Cocos nucífera

Coconuts are large fruits with hard shells and can weigh up to 1.5 kg. They grow in large palm trees in tropical ecosystems along the Ecuator. They are only species belonging to the genus Cocos. They are very important in the lives of rural communities in Central and South America, Africa and Asia, having a high economical and even cultural value.

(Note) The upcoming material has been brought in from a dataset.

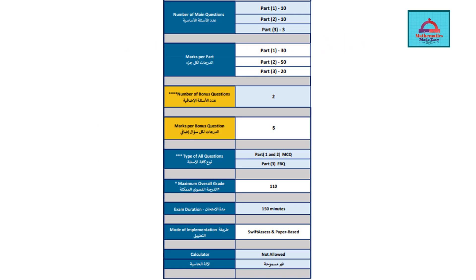Now we are going to understand the exam coverage that has come for Grade 9 Elite. There are a total number of 25 questions which have three parts and some bonus questions.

 The fruit has 3 different layers that have a diverse range of uses: the exocarp, the mesocarp and the endocarp. The first two compose the outermost layer, the hard part of the coconut or husk. It is composed by fiber called coir which is used to make all sorts of ropes and cordages, mattresses, brushes, doormats and use it also for industrial purposes.  Due to its richness in Sodium and Potassium, biodegrading coir is also used for substrates for horticultural purposes.

The endocarp contains the water and the “flesh” of the coconut which hold minerals such as magnesium, fiber, calcium and phosphorus. The flesh is used to make highly nutritional milk and the oil commonly used for cooking, in the cosmetic industry and personal care. After these have been extracted the remaining fibrous flesh can be dehydrated and used as a gluten free substitute to conventional flour.

The consumption of coconut is related to brain cell development and prevention of memory loss. Furthermore, coconut is known being one of the most efficient sources of healthy fat, sine it burns easily to produce energy.